By the 1990s, Beastie Boys were one of the most successful groups in America. On release, their 1992 album Check Your Head peaked at number ten and was later certified double platinum. By this time, they’d founded their own label, Grand Royal, and signed all manner of artists, including Luscious Jackson, Sean Lennon and Ben Lee. To advertise their artists, they also published Grand Royal Magazine, the first edition of which was published in 1993 and featured artwork by George Clinton. As well as containing interviews with the likes of MC Q-Tip from A Tribe Called Quest, the 1995 issue of Grand Royal boasted an article about the mullet, in which the writer references The Beastie Boy’s 1994 track ‘Mullet Head’, which is often cited as popularising the term, despite the hairstyle having fallen out of fashion by that time.

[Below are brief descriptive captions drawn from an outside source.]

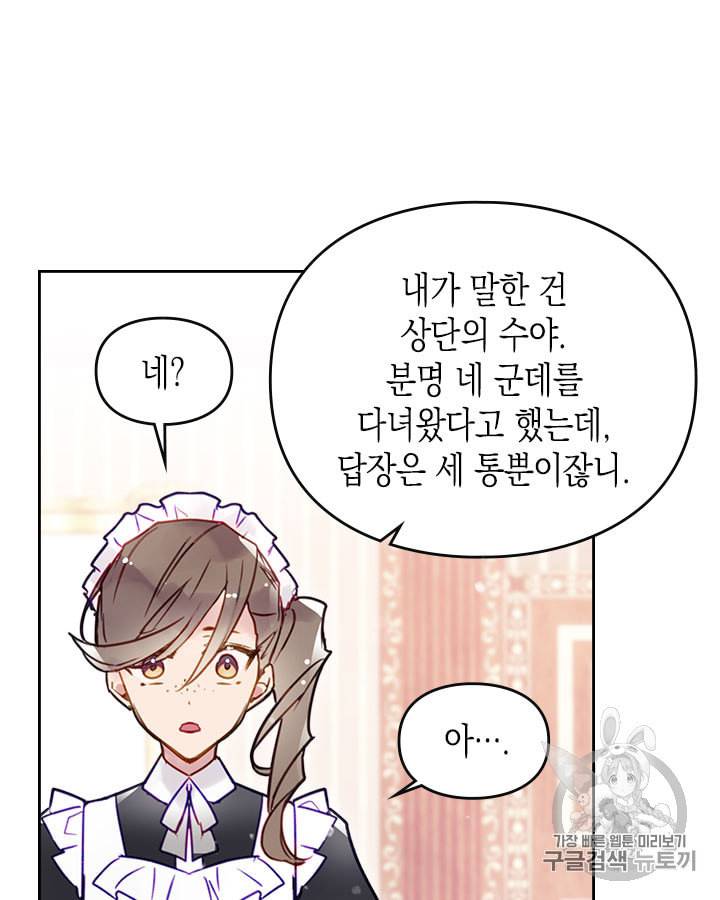 악역의 엔딩은 죽음뿐 31화 8
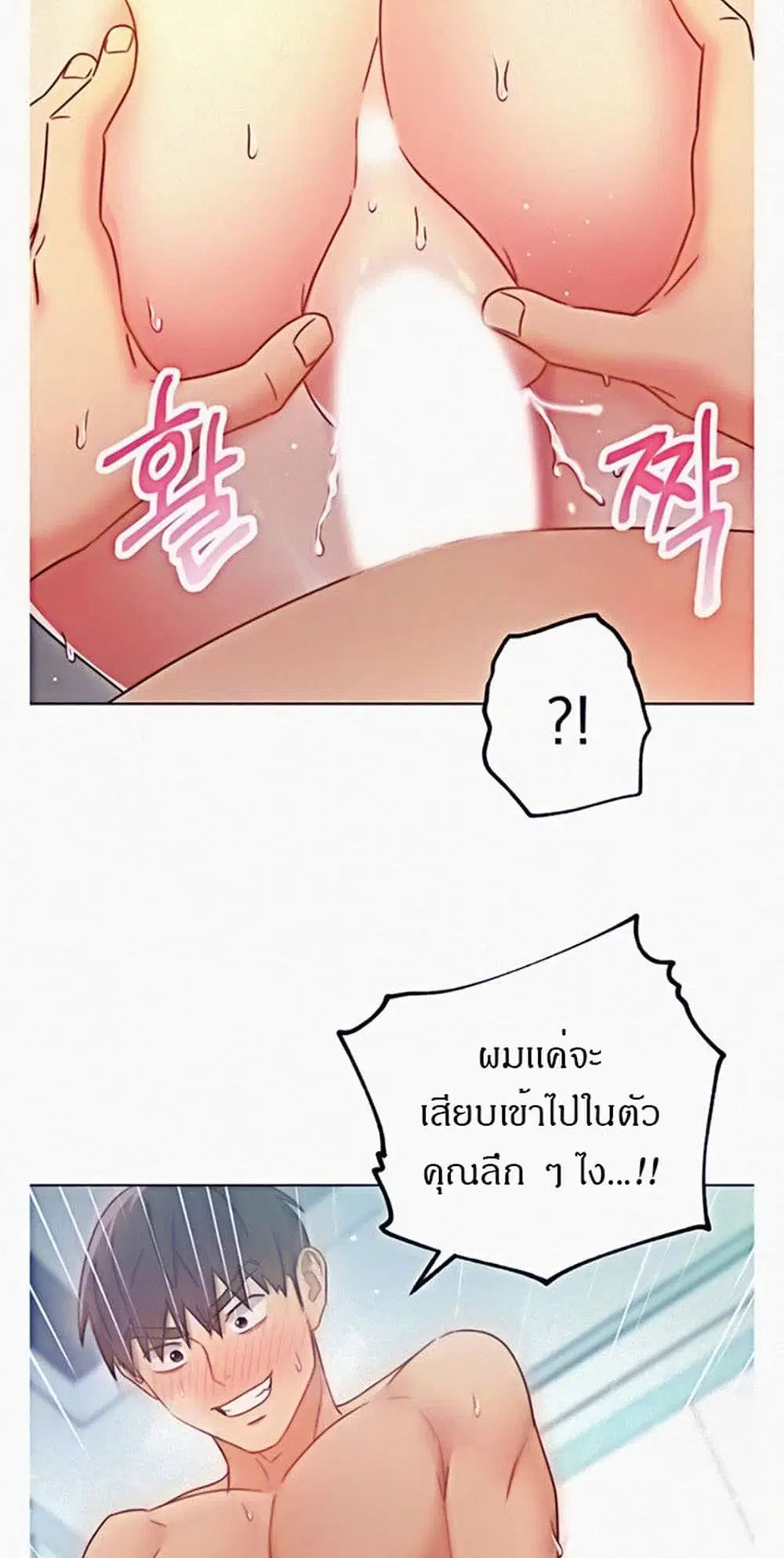 Stepmother Friends ตอนที่ 53 — หน้า 10 จาก 44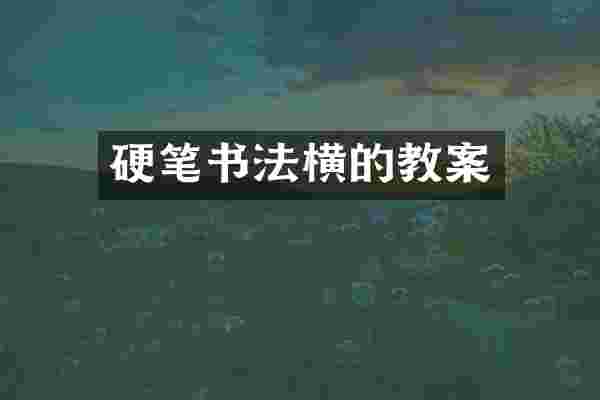 硬笔书法横的教案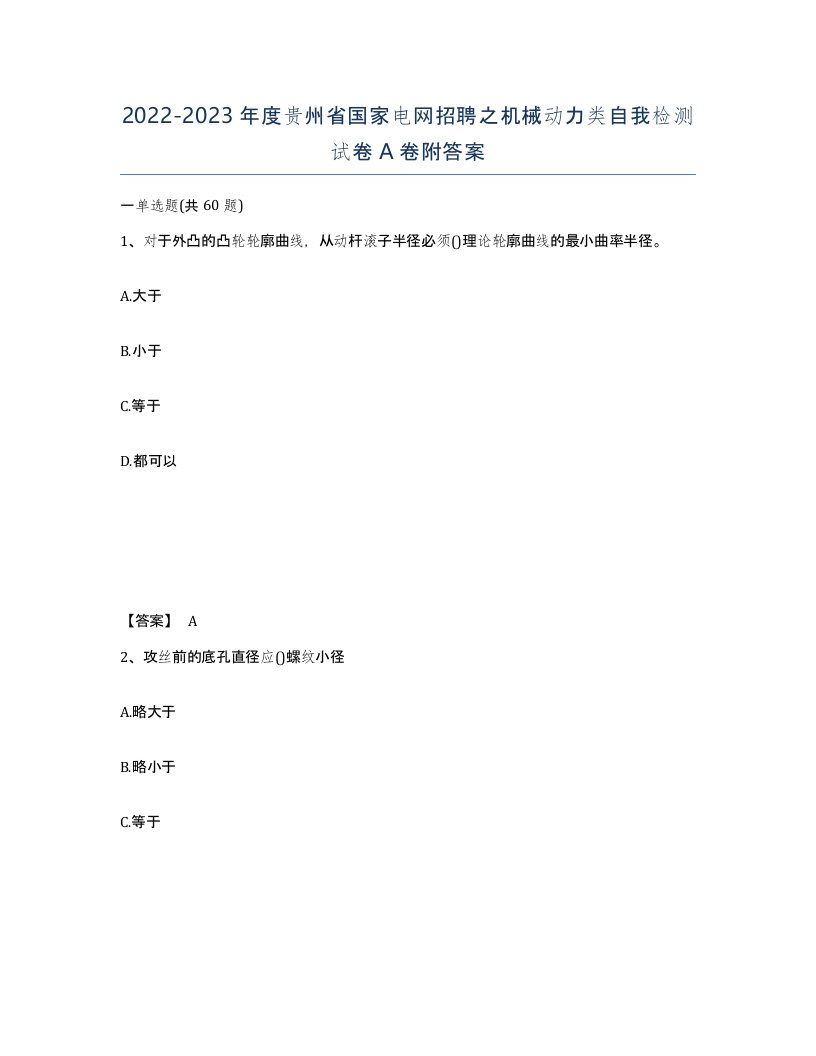 2022-2023年度贵州省国家电网招聘之机械动力类自我检测试卷A卷附答案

In 1994, Beastie Boys were soaring high at the top of the charts after Ill Communication debuted at number one on the Billboard Hot 100 and number two on the R&B/hip hop album charts. The album’s lead single ‘Sabotage’, accompanied by its iconic Spike Lee-directed video, became an instant classic, cementing Beastie Boys as a mainstay in both rock and hip-hop worlds. That same year, the boys headlined at Lollapalooza, where they appeared alongside the likes of The Smashing Pumpkins, George Clinton & the P-Funk All-Stars, The Breeders, A Tribe Called Quest, Nick Cave & the Bad Seeds, and Green Day.

This clip of Beastie Boys performing ‘Sabotage’ reminds us just how brilliant a party band the trio was. Even under the harsh studio lights, they are positively levitating with energy. With nearly 30 years between us and this footage, it’s frankly astonishing that the thrill of Beastie Boys’ live show is still palpable. Astonishing, but certainly not surprising.